These passages show that Gehenna or Tophet was a horrible locality near Jerusalem, and that to be cast there literally, was the doom threatened and executed originally. Every reference is to this world, and to a literal casting into that place.
In Dr. Bailey's English Dictionary, Gehenna is defined to be "a place in the valley of the tribe of Benjamin, terrible for two sorts of fire in it, that wherein the Israelites sacrificed their children to the idol Moloch, and also another kept continually burning to consume the dead carcasses and filth of Jerusalem."
But in process of time Gehenna came to be an emblem of the consequences of sin, and to be employed figuratively by the Jews, to denote those consequences. But always in this world. The Jews never used it to mean torment after death, until long after Christ. That the word had not the meaning of post-mortem torment when our Savior used it, is demonstrable:
Josephus was a Pharisee, and wrote at about the time of Christ, and expressly says that the Jews at the time (corrupted from the teaching of Moses) believed in punishment after death, but he never employs Gehenna to denote the place of punishment. He uses the word Hadees, which the Jews had then obtained from the heathen, but he never uses Gehenna, as he would have done, had it possessed that meaning then. This demonstrates that the word had no such meaning then. In addition to this neither the Apocrypha, which was written from 280 to 150 years. B. C., nor Philo, ever uses the word. It was first used in the modern sense of Hell by Justin Martyr, one hundred and fifty years after Christ.
Dr. Thayer concludes a most thorough excursus on the word ("Theology, etc.,") thus: "Our inquiry shows that it is employed in the Old Testament in its literal or geographical sense only, as the name of the valley lying on the south of Jerusalem-that the Septuagint proves it retained this meaning at late as B. C. 150--that it is not found at all in the Apocrypha; neither of Philo, nor in Josephus, whose writings cover the very times of the Savior and the New Testament, thus leaving us without a single example of contemporary usage to determine its meaning at this period-that from A. D. 150-195, we find in two Greek authors, Justin and Clement of Alexandria, the first resident in Italy and the last in Egypt that Gehenna began to be used to designate a place of punishment after death, but not endless punishment since Clement was a believer in universal restoration-that the first time we find Gehenna used in this sense in any Jewish writing is near the beginning of the third century, in the Targum of Jonathan Ben Uzziel, two hundred years too late to be of any service in the argument-and lastly, that the New Testament usage shows that while it had not wholly lost its literal sense, it was also employed in the time of Christ as a symbol of moral corruption and wickedness; but more especially as a figure of the terrible judgments of God on the rebellious and sinful nation of the Jews."

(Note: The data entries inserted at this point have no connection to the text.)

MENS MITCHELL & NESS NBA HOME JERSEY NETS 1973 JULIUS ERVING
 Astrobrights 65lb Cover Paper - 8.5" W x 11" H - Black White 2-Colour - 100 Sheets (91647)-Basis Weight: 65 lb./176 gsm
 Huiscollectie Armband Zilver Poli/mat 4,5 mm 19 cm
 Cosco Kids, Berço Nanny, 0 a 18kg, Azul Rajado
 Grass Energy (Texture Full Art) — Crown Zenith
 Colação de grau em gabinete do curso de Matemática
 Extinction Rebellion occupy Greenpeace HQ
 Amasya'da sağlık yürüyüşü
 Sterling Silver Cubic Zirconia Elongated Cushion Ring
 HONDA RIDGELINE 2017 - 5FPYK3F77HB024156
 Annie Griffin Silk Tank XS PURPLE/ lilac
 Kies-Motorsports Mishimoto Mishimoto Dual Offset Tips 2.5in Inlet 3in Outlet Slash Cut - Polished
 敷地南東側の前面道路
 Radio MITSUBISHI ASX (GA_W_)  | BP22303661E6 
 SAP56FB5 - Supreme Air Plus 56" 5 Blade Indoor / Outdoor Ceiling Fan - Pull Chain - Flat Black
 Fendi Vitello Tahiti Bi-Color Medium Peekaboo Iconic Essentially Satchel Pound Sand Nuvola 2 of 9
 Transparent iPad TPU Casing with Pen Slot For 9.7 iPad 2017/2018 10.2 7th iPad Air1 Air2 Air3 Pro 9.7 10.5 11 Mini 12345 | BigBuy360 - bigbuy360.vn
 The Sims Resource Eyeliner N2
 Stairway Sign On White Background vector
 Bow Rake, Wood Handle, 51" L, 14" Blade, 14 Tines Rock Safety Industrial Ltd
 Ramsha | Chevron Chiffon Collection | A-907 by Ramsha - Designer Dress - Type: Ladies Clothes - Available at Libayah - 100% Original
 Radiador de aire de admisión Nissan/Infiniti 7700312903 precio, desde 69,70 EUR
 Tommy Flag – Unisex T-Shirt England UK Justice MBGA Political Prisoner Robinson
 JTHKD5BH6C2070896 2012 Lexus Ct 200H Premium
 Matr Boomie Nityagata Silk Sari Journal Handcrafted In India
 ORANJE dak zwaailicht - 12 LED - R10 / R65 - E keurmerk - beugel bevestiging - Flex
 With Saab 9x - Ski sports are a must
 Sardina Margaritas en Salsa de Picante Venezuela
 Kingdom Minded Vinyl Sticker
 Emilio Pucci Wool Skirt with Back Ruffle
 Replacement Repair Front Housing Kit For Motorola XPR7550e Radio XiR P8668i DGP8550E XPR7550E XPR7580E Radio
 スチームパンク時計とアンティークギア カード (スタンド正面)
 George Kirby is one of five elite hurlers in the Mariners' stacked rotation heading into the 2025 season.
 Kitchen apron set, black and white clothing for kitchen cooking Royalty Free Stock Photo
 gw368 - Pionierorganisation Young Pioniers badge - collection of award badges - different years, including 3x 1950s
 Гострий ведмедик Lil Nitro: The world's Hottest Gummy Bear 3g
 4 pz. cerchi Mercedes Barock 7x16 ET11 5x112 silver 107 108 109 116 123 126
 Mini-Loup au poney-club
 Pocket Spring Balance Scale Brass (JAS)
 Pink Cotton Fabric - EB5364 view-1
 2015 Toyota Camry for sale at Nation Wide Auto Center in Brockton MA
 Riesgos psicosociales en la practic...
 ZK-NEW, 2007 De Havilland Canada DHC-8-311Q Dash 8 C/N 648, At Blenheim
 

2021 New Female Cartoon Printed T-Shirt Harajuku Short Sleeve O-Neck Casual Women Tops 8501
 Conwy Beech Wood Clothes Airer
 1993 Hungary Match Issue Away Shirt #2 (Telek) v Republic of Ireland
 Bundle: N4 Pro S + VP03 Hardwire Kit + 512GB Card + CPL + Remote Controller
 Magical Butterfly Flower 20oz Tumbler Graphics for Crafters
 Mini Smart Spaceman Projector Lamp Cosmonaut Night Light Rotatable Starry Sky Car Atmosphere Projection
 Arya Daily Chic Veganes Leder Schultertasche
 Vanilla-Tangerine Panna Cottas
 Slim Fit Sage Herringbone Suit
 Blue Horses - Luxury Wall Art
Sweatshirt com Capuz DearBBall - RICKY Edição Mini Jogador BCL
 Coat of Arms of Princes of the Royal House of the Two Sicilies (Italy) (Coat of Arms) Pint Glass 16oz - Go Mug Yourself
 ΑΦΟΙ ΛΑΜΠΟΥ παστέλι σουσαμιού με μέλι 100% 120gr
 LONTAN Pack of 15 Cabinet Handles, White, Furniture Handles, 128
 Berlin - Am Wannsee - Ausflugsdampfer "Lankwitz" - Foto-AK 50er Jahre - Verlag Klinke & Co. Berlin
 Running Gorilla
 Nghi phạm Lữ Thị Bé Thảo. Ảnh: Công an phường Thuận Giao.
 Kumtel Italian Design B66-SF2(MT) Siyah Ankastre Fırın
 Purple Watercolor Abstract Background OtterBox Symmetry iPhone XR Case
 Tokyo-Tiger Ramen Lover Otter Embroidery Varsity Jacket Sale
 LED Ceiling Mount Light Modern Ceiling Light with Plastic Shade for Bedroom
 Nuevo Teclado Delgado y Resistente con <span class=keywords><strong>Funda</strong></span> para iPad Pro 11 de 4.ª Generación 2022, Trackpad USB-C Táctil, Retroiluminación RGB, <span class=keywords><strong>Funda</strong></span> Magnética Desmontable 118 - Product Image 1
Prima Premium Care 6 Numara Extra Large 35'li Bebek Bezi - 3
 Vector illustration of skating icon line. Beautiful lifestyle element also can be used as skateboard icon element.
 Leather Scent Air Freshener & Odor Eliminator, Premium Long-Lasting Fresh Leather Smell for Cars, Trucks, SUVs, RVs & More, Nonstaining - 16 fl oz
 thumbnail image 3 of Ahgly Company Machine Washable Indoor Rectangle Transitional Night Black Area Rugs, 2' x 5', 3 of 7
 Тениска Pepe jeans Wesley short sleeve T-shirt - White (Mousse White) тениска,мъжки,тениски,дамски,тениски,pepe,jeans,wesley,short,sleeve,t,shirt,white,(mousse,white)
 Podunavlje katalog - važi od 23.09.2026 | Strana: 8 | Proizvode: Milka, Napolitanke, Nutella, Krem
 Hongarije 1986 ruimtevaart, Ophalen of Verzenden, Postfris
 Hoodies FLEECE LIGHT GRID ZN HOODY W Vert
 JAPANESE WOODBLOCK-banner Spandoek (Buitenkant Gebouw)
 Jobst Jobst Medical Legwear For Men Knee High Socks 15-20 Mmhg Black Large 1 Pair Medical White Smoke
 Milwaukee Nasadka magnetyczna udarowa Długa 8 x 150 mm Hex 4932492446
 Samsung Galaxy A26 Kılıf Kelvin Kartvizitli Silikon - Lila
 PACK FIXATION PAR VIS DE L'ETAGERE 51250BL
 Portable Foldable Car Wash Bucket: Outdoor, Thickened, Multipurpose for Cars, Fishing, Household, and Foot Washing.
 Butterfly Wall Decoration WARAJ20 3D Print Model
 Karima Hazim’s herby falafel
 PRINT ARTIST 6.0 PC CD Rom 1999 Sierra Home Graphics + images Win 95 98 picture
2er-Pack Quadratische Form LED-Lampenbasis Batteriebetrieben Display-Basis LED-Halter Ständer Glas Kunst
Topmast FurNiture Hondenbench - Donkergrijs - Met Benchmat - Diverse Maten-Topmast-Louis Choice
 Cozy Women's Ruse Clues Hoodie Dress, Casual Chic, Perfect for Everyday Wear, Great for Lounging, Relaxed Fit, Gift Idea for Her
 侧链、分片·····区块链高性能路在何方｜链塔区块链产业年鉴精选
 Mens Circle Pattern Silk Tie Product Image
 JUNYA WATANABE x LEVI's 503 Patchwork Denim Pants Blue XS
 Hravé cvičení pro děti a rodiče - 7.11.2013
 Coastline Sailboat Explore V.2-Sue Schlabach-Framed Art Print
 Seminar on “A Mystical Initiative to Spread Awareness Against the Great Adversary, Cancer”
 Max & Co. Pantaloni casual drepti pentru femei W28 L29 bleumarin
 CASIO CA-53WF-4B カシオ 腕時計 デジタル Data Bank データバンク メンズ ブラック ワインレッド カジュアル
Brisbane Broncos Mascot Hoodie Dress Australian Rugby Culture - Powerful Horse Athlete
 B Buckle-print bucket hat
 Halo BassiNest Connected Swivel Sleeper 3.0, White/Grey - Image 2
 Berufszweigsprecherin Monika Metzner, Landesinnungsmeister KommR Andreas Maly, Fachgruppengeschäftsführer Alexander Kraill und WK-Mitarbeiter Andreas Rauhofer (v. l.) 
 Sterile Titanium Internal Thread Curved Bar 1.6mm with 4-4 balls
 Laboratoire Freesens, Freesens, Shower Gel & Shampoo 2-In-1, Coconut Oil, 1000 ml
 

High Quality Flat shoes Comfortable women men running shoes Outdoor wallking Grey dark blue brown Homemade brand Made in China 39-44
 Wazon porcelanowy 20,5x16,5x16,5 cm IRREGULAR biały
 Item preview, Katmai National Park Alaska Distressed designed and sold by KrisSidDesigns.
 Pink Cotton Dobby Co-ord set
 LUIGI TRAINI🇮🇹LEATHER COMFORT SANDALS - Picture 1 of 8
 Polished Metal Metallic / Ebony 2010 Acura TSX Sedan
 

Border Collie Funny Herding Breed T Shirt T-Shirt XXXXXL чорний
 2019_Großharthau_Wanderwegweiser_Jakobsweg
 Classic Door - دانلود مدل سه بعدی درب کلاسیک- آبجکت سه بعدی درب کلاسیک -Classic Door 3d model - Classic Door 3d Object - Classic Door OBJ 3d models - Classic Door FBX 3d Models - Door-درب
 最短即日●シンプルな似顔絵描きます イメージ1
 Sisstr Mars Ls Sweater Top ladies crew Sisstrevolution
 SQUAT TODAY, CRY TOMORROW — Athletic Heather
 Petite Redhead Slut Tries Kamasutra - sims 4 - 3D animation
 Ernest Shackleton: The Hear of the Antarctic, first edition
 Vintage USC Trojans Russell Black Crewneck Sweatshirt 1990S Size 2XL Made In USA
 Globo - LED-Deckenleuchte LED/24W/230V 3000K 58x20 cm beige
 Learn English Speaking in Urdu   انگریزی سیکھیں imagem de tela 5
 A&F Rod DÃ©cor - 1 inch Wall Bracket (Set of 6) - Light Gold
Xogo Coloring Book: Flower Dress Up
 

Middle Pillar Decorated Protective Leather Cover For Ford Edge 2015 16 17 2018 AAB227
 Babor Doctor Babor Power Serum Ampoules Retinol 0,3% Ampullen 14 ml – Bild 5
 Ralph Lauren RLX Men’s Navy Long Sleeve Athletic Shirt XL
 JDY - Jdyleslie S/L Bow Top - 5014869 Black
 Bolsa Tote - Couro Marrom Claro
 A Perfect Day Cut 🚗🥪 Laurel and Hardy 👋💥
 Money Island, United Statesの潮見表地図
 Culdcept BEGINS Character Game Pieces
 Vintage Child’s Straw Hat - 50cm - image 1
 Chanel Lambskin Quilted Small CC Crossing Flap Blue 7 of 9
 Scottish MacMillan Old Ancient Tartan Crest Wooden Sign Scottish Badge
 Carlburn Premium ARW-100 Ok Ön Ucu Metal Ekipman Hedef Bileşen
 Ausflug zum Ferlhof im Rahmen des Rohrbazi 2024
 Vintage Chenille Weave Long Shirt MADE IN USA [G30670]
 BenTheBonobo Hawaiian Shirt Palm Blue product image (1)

The Jewish talmuds and targums use the word in the sense that the Christian Church has so long used it, though without attributing endlessness to it, but none of them are probably older than A. D. 200. The oldest is the targum (translation) of Jonathan Ben Uzziel, which was written according to the best authorities between A. D. 200 and A. D. 400.
"Most of the eminent critics now agree, that it could not have been completed till some time between two and four hundred years after Christ." Univ. Expos. Vol 2, p. 368. "Neither the language nor the method of interpretation is the same in all the books. In the historical works, the text is translated with greater accuracy than elsewhere; in some of the Prophets, as in Zechariah, the interpretation has more of the Rabbinical and Talmudical character. From this variety we may properly infer, that the work is a collection of interpretations of several learned men made toward the close of the third century, and containing some of a much older date; for that some parts of it existed as early as in the second century, appears from the additions which have been transferred from some Chaldee paraphrase into the Hebrew text, and were already in the text in the second century." Jahn Int. p. 66. Horne's Intro. Vol. 2. p. 160.
Dr. T. B. Thayer in his "Theology," says: "Dr. Jahn assigns it to the end of the third century after Christ; Eichhorn decides for the fourth century; Bertholdt inclines to the second or third century, and is confident that it 'cannot have attained its present complete form, before the end of the second century.' Bauer coincides generally in these views.
Some critics put the date even as low down as the seventh or eighth century. See a full discussion of the question in the Universalist Expositor, Vol. 2, p. 35l-368. See, also, Horne's Introduction, Vol. 2, 157-163. Justin Martyr. A. D. 150, and Clement of Alexandria, A. D. 195, both employ Gehenna to designate the place of future punishment; but the first utters an opinion only of its meaning in a certain text, and the last was a Universalist and did not, of course, believe that Gehenna was the place of endless punishment. Augustine, A. D. 400, says Gehenna 'stagnum ignis el sulphuris corporeus ignis erit.' De Civitate Dei, L. 21. C. 10."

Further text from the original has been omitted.